Motoring along in the SSDT based deployment series, in this post I’m going to look at one particular publish setting and how it behaves, which is my fourth bug bear with the SSDT deployment function:
4. Block incremental deployment if data loss might occur.
On the face of it, this is something that I immediately like; I’m saying that I don’t want my deployment to potentially screw up data in my database. All good. However, the implementation of it seems extremely inflexible, and the key word in the setting is “might”. The only actual check to see whether data loss will occur is to see if there are any rows in the table, not that if there are rows and the data loss might actually occur, and if you explicitly cater for dealing with handling that by, say, having a pre-deployment script that updates all the values in a table from NULL to a new default value (in batches if the table is large), it still errors and stops your deployment. Here’s an example of what is run:-
/* The column [MySchema].[TestTable2].[TestTable1ID] on table [MySchema].[TestTable2] must be added, but the column has no default value and does not allow NULL values. If the table contains data, the ALTER script will not work. To avoid this issue you must either: add a default value to the column, mark it as allowing NULL values, or enable the generation of smart-defaults as a deployment option. */ IF EXISTS (select top 1 1 from [MySchema].[TestTable2]) RAISERROR (N'Rows were detected. The schema update is terminating because data loss might occur.', 16, 127) WITH NOWAIT
The only workaround is to turn it off. But then you open yourself up to release failures when you go ahead and do that change that alters a column to have a NOT NULL constraint whilst having NULL values in it. So, we’ve ended up with a bit of a laborious Octopus Deploy process that first runs the deployment with the setting on, if it then fails raises a warning for user input, allowing us to check if the case is valid and/or handled, and turn it off and let the deployment run again. Which is, frankly, ugly.
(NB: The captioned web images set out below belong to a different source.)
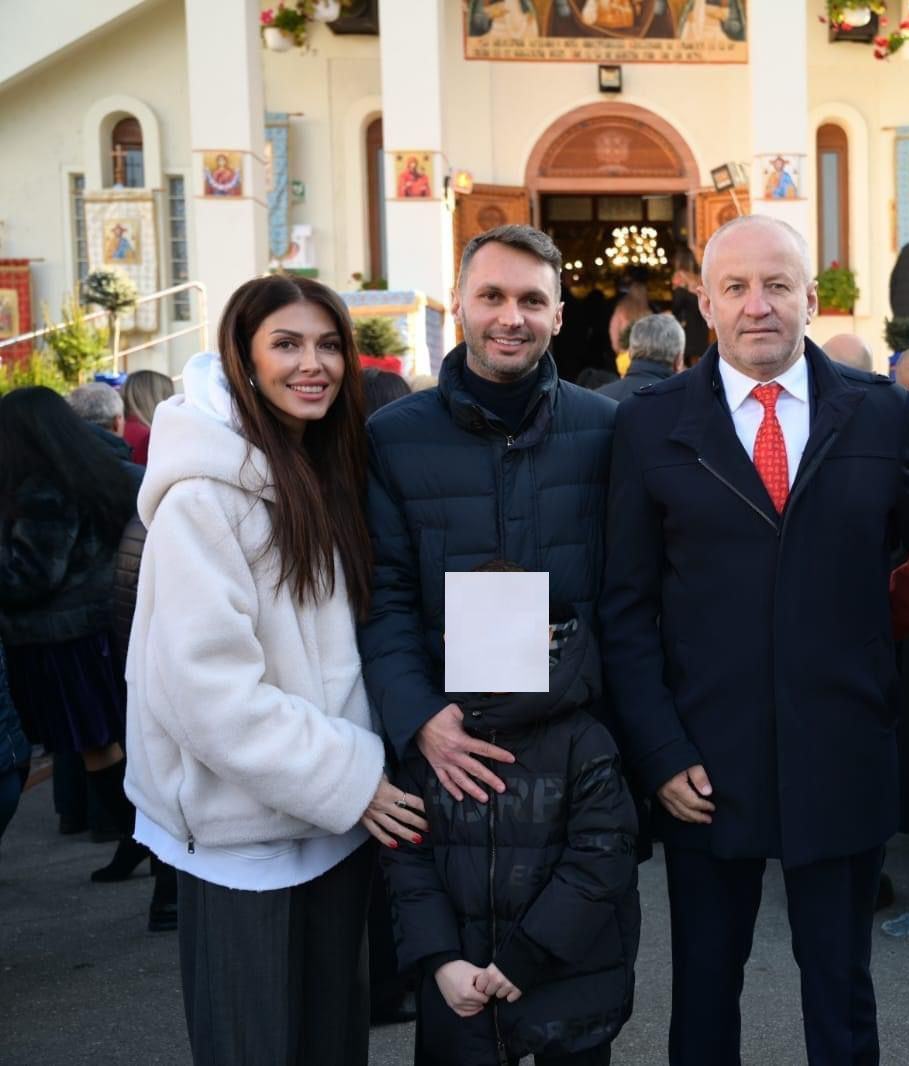 Ilinca Vandici, surprinsa alaturi de noul iubit si de fiul ei. Cine este bărbatul care a reusit sa o cucereasca după divort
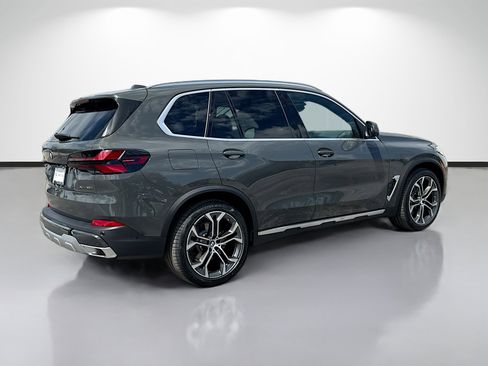 New 2026 BMW X5 xDrive40i w/ Climate Comfort Package AWD/4WD image 3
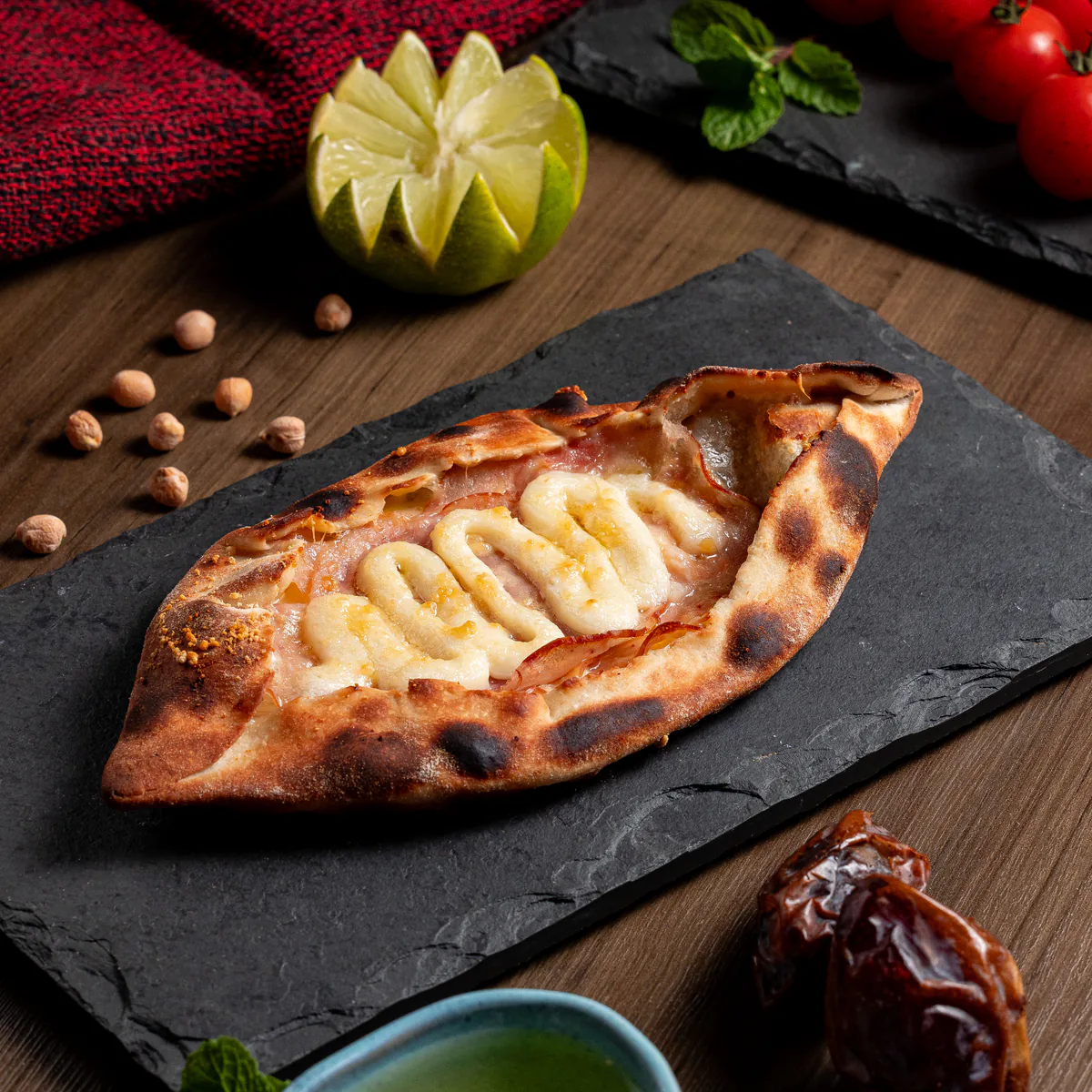 Esfiha à moda com queijo derretido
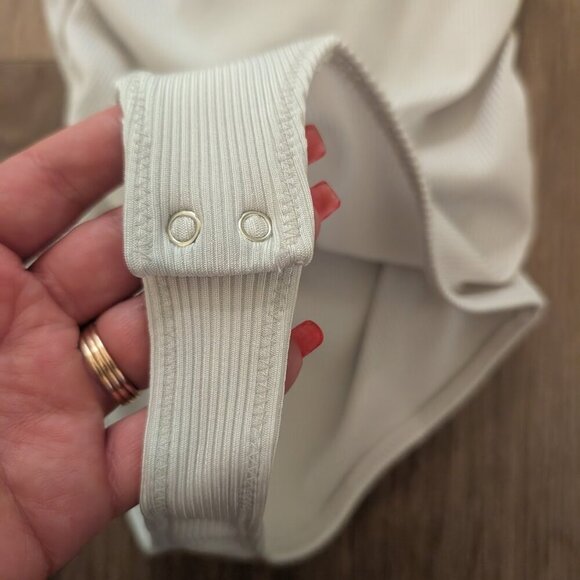 Goldsign | The Fonteyn Bodysuit In Vail - Picture 8 of 13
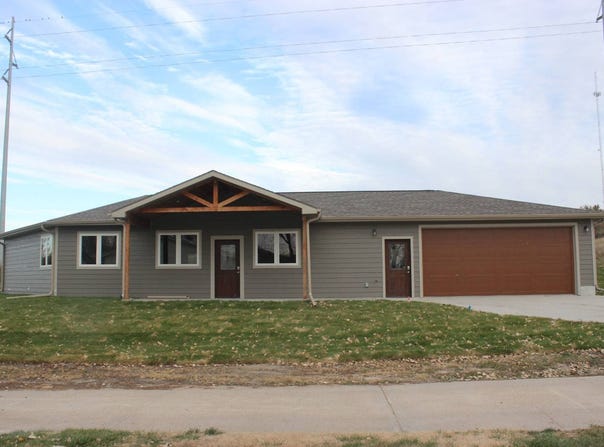 845 Pawnee Lane, Broken Bow, NE 68822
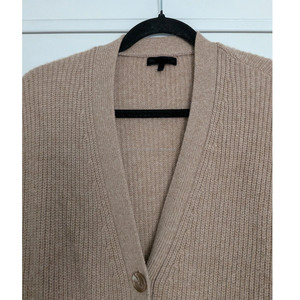 Nouveau cardigan en tricot jacquard personnalisé OEM/ODM, laine/acrylique, col rond, simple boutonnage, anti-boulochage, séchage rapide, pull d'hiver pour homme - Product Image 4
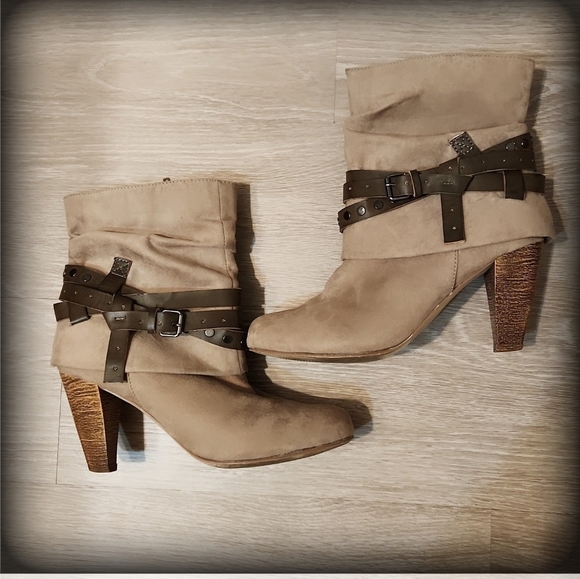 Madden Girl Woman's Boots Size 7 New - Picture 5 of 7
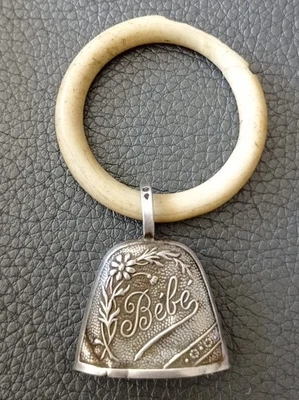 Ancien Hochet Grelot Bébé Art Nouveau Décor Floral Argent Massif Poinçons - Photo 1/2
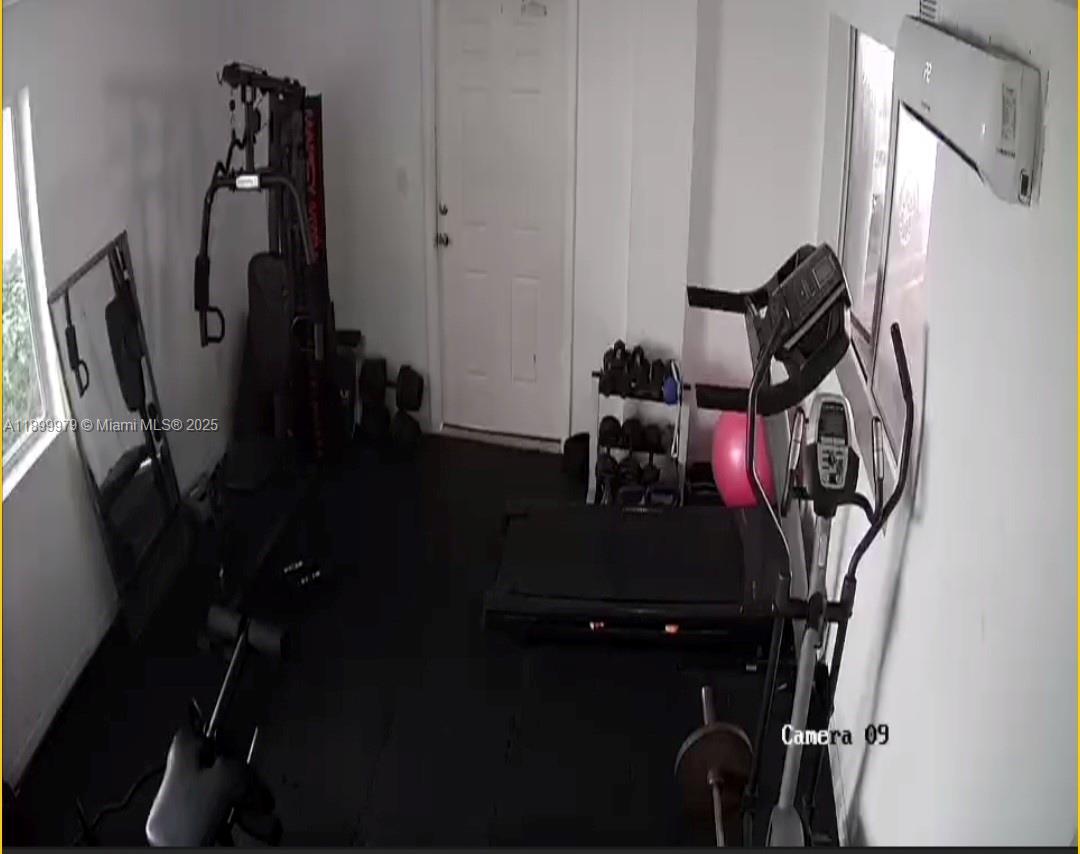 HARBOR ISLAND - Residential Lease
There are a whole bunch of scenarios where this block might turn up, some of which are listed below:
- Changing a column from unicode to ascii, or any other datatype size reduction.
- Adding a NOT NULL column, or changing an existing column to NOT NULL.
- Adding a foreign key.
- Adding a check constraint.
- Adding a unique index.
- Renaming objects (there is a note on Books Online about this not happening if you use Premium or Ultimate, so if anyone uses these I’d be interested to know whether this still applies?)
Plenty of these are likely to happen during the course of a database’s lifecycle, and effectively meant that our automated deployments are going to end up with manual intervention most times. Whilst I’d hope that this stuff is considered in the first place (use the right datatypes!), and certain types of silliness like adding a column to the middle of a table would be avoided, there’s always going to be unforeseen changes that end up needing to be deployed.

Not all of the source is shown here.